More new homes are being built than during the crash. The construction of private sector new homes is now 75% above the low point reached in the third quarter of 2009, though still below past peak levels.It is likely the build rate will rise from here, with more land now available for construction and a reasonably healthy housebuilding industry enjoying the profits of recent growth. There are still substantial imbalances between different parts of the country. Success with the Northern Powerhouse could help reduce some of the pressures on London and the South east, and release more money for improvement and extension of the substantial Northern residential estate, just as the London stock has undergone transformation in recent years.

Selling social housing

There is one persistent mistruth in the debate about the wisdom and complexity of requiring Housing Associations to sell homes to their tenants at a discount. The critics say that this will reduce the number of social homes available. Let me reassure them. No-one demolishes or destroys the home when it is sold. The same family that rented it carry on living in it as homeowners. The housing stock and the living arrangements remain identical pre and post sale.

It is true that when the family who lives there dies, or decides to move, the home is now in the private rather than the public sector. As turnover of social housing is very low, it takes a long time on average before a social home becomes available for someone else to rent.
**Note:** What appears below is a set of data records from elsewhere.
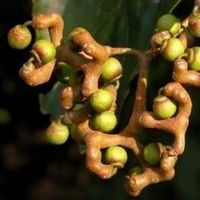 Hovenia dulcis "Raisinier de Chine"  10g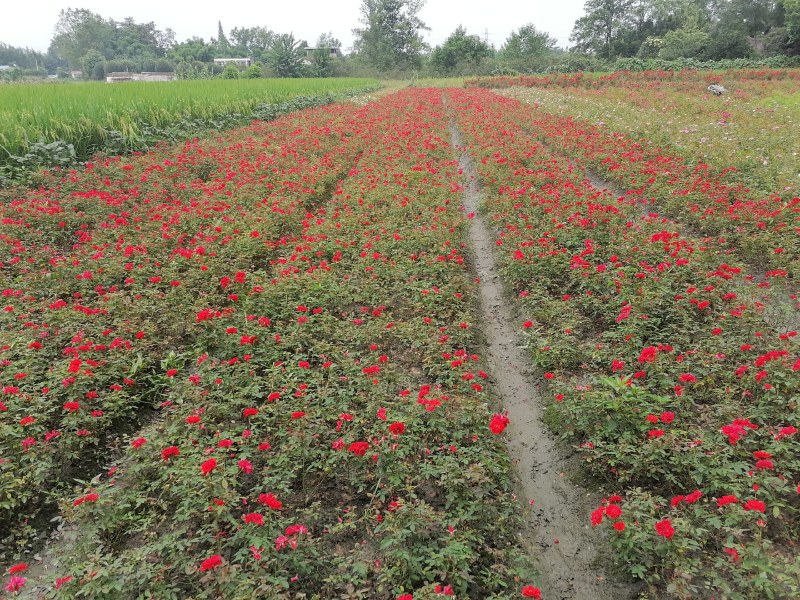 丰花月季地苗30-35公分高，颜色纯正，工程用苗。
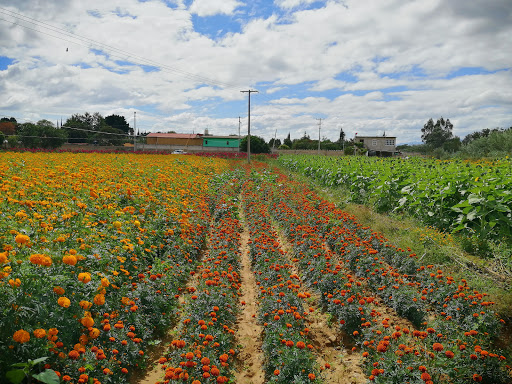 Campo de flores el carrizal - Thumbnail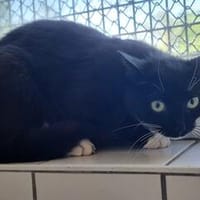 Libelle, Katze zur Adoption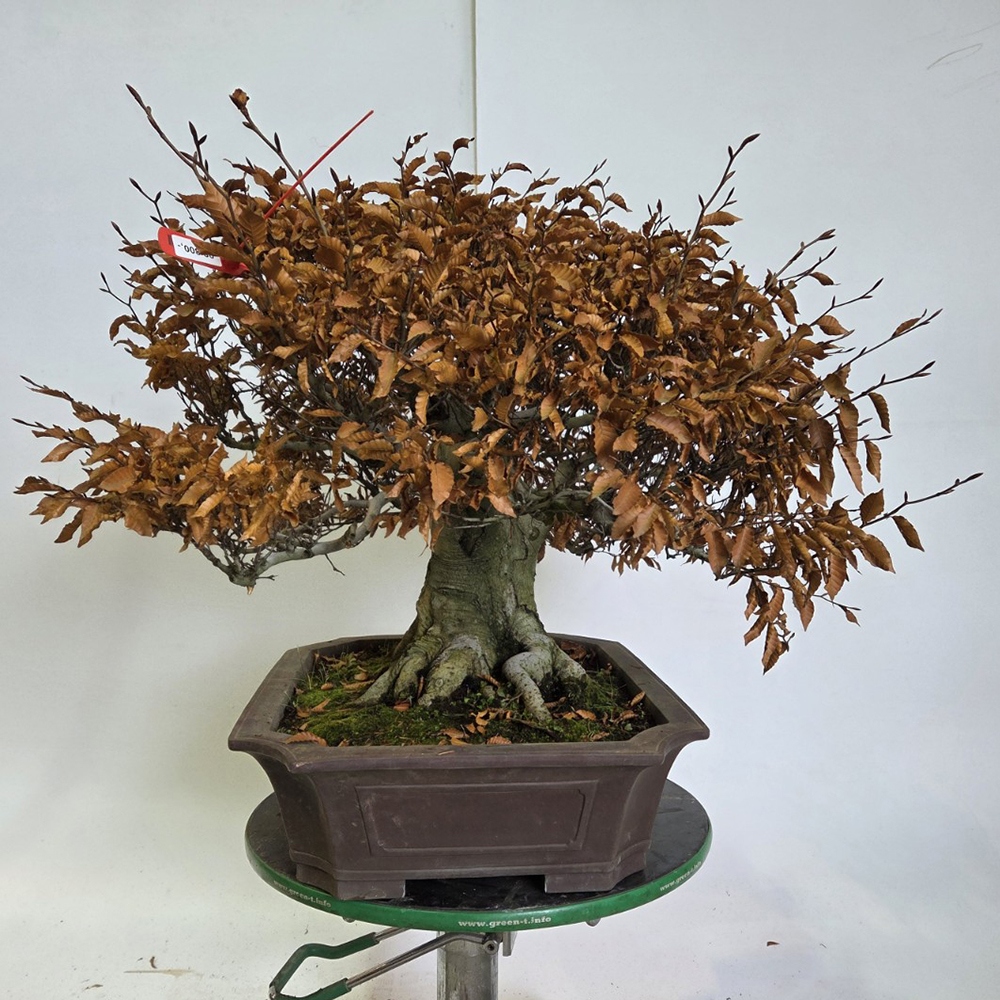 Vonkajšie bonsai -Fagus crenata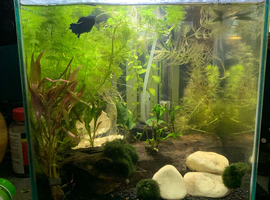 Full setup male betta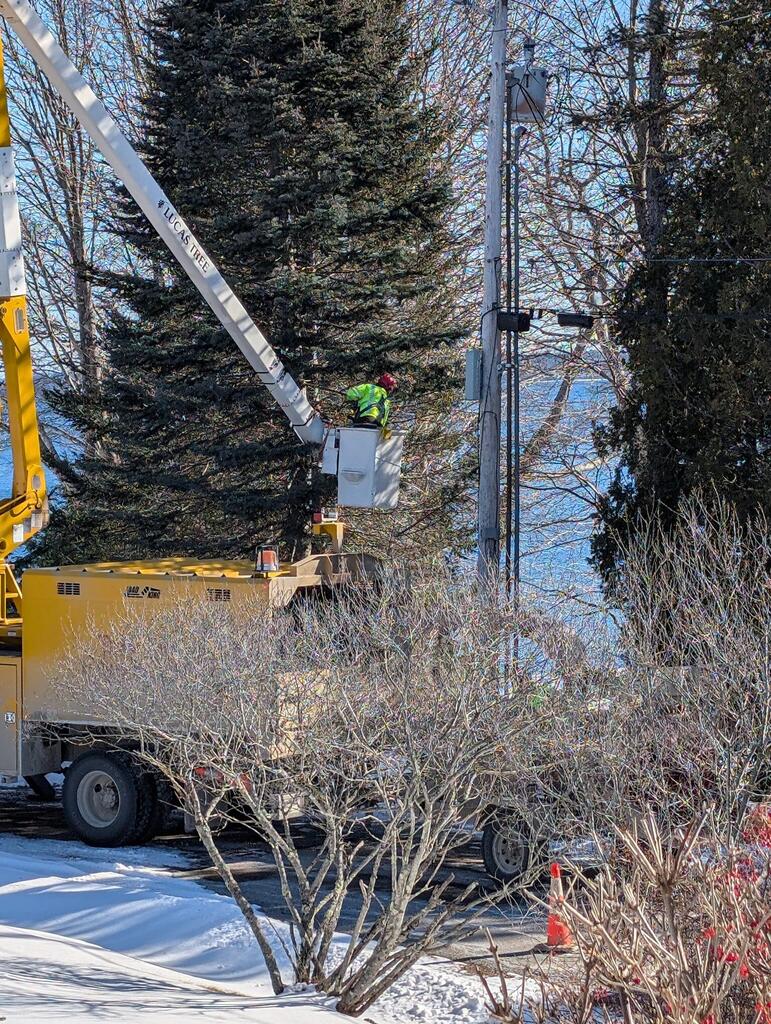 No description provided for: /2025/01-03/0127-pole-tree-trim/photo01.html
The government’s policy of home sales will increase the available supply of social houses, by insisting on the construction of a new home for every home sold to tenants. This means that following the new build a social home is instantly available. Had the tenant of the social home who purchased still been a tenant, there would have been no empty home to rent.

Ministers do have to work out how to implement this pledge. They will not wish to leave a housing charity worse off as a result. They will need to be compensated for the discount on true value that the tenant enjoys when buying his property. They will need to work closely with the subsidised social housing providers to ensure maximum new construction for the available subsidy, and to ensure fair compensation for charitable assets.
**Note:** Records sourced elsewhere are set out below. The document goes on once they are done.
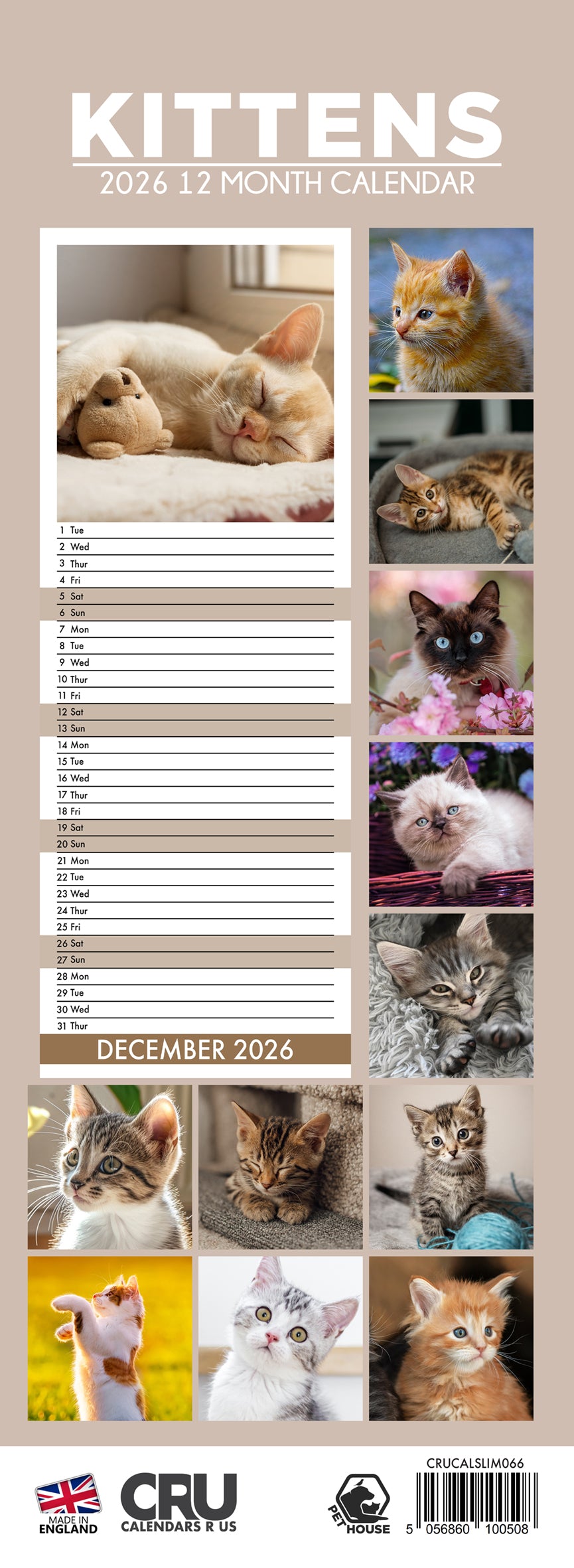 Kittens - Slim Calendar 2026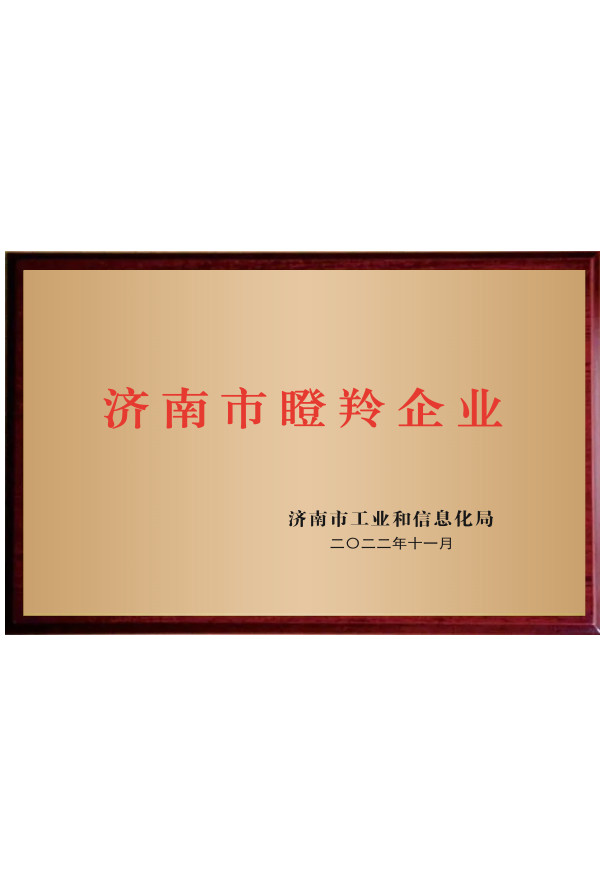济南市瞪羚企业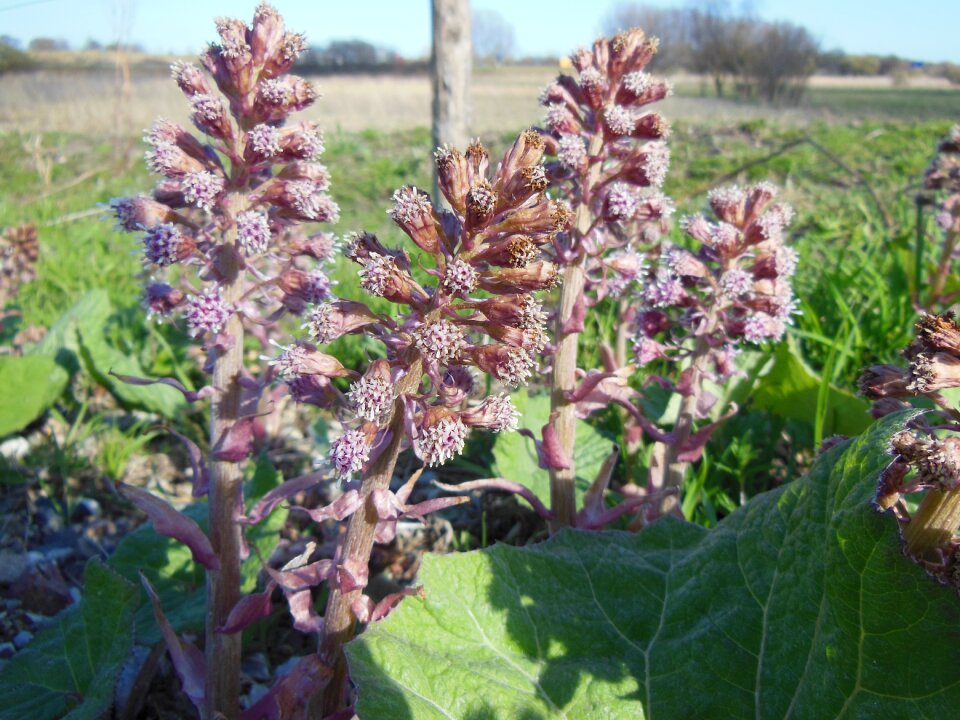 Plants nature rural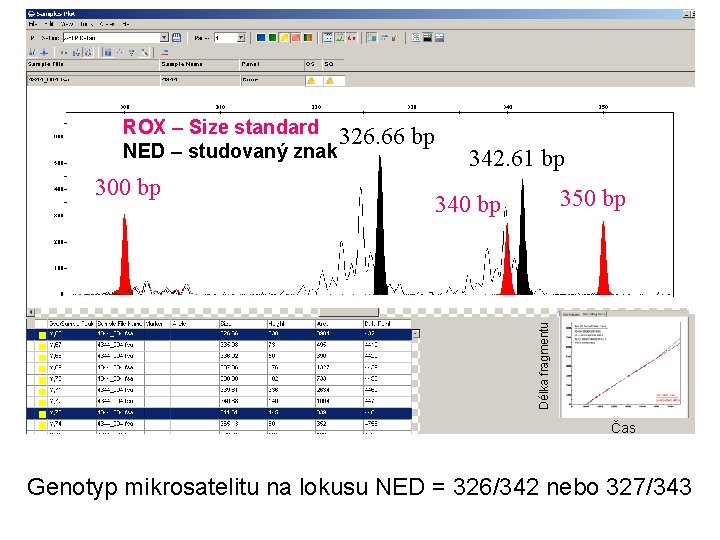 ROX – Size standard 326. 66 NED – studovaný znak 342. 61 bp 350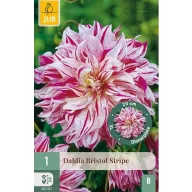 Virághagyma Dália Bristol Stripe 1 db JUB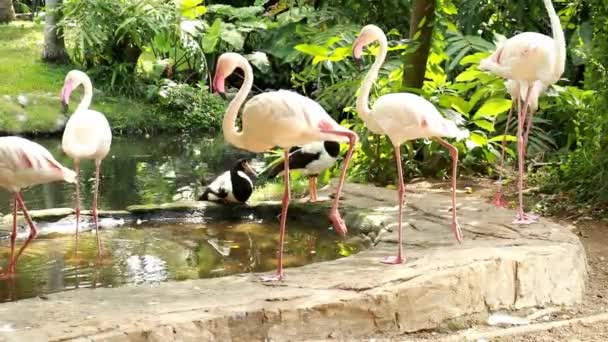 insertion de séquences de groupe de flamants roses dans la zone du zoo avec feuille verte et piscine
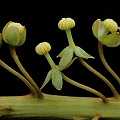 A spray of female flowers.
Greece, elections and the Euro

Ever since the Greek voters rejected EU austerity policies the Euro area has been in a state of shock. The rest of the zone, led by Mrs Merkel, tried to pretend nothing had happened. If Greece wanted the rest of the money under the last loan agreement, they said she had to carry on with the cuts and the privatisations to qualify. If she refused to comply with the pre determined EU spending, tax and economic policies then there would be no more money. The Greek government for their part said they had just won an election with a mandate to tear up the agreed policies of the loan. The irresistible force of EU policy had just met the immoveable object of the Syriza political movement.

The tensions became clear through substantial withdrawals of funds from the commercial banks in Greece. The EU blinked first, and advanced large sums under an emergency loans programme from the European Central Bank. Greece did not have to comply with the wider loan agreement in order to qualify for large additional borrowings. The difficulties also showed as the Greek government struggled to find the cash to pay the day to day bills. The EU blinked again, and gave the Greek state permission to issue Treasury bills to raise the money to pay the pensions and wages. The first two messy rounds went to Syriza.

On Friday Greece is meant to repay the IMF some money. We are now told they can delay until the end of the month, when more will be owing. The IMF has now blinked. The IMF, the ECB, the EU, France and Germany met earlier this week to construct a “final” offer to Greece. Presumably this is another attempt to lend Greece more money with conditions attached. Greece was not invited to the meeting. The Greek PM spent his time writing a furious article condemning Euro area economic policy and explaining again he was elected to change it.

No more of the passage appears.